*** MATERIAL FOR THIS TASK ***

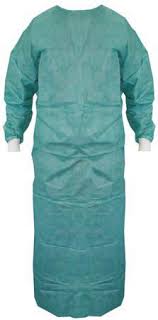 CASAQUES DE CHIRURGIE STERILES JETABLES – Image 2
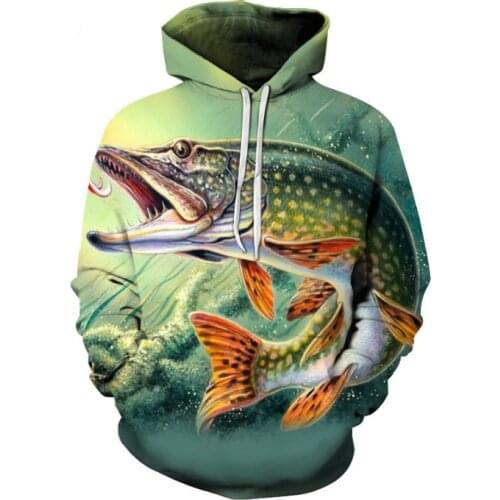 3D Pringing Fishing Clothing Men Outdoor Fishing Sport Angling Hooded Jacket Short Sleeve Tshirt Bass Trout Sea Lure Clothes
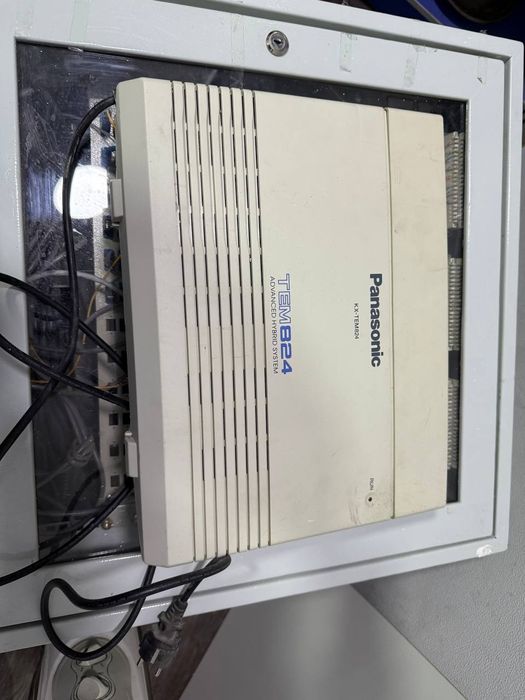 Оборудование для мини АТС северная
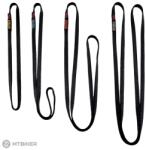 Rock Empire Open Sling 25mm, fekete (150 cm)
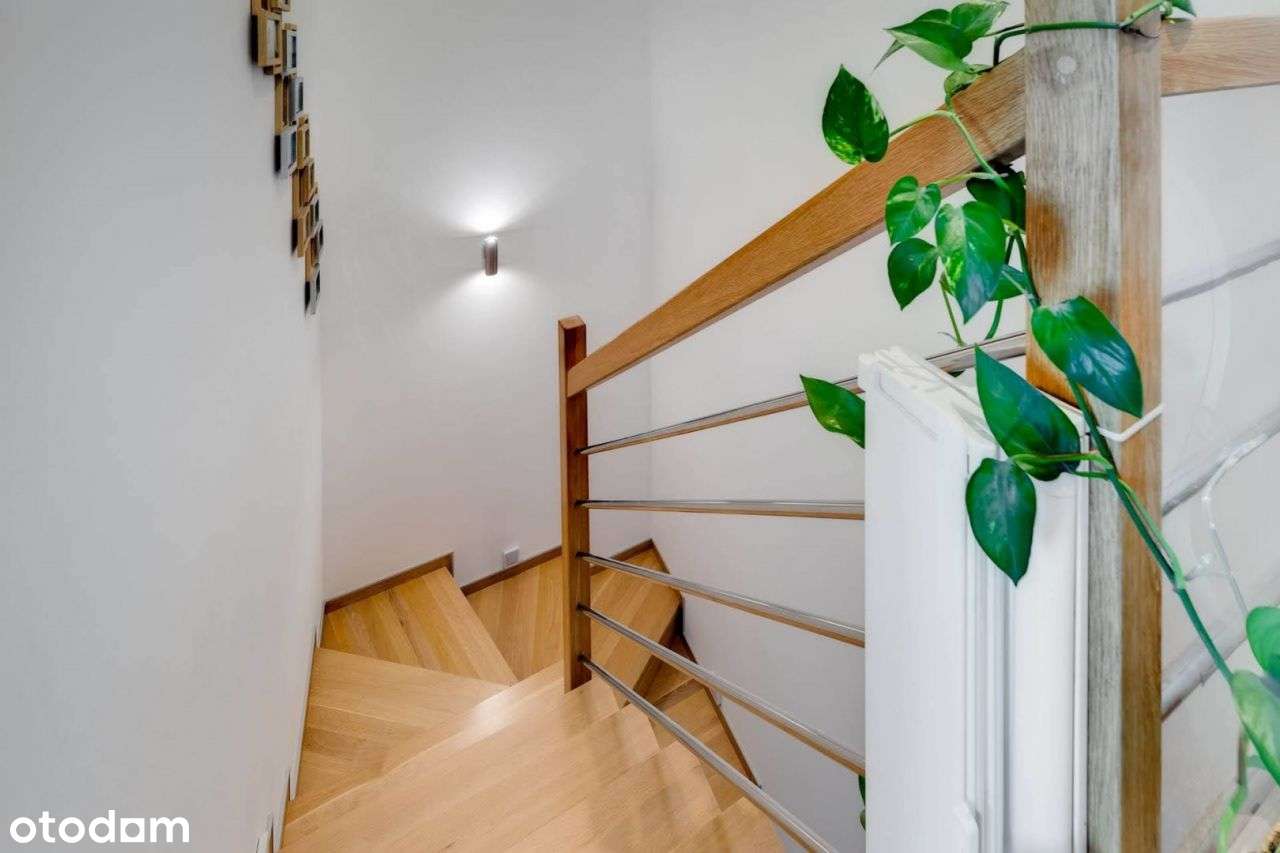 Nowoczesne 3‑pok. mieszkanie z tarasem na dachu!-10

*** End of MATERIAL FOR THIS TASK ***

* YOUR OBJECTIVE: Begin at the line containing "3D Pringing Fishing" and stop at the final line of the data. Retype those lines exactly, without the pictures.

* YOUR SOLUTION:
 3D Pringing Fishing Clothing Men Outdoor Fishing Sport Angling Hooded Jacket Short Sleeve Tshirt Bass Trout Sea Lure Clothes
 Оборудование для мини АТС северная
 Rock Empire Open Sling 25mm, fekete (150 cm)
 Nowoczesne 3‑pok. mieszkanie z tarasem na dachu!-10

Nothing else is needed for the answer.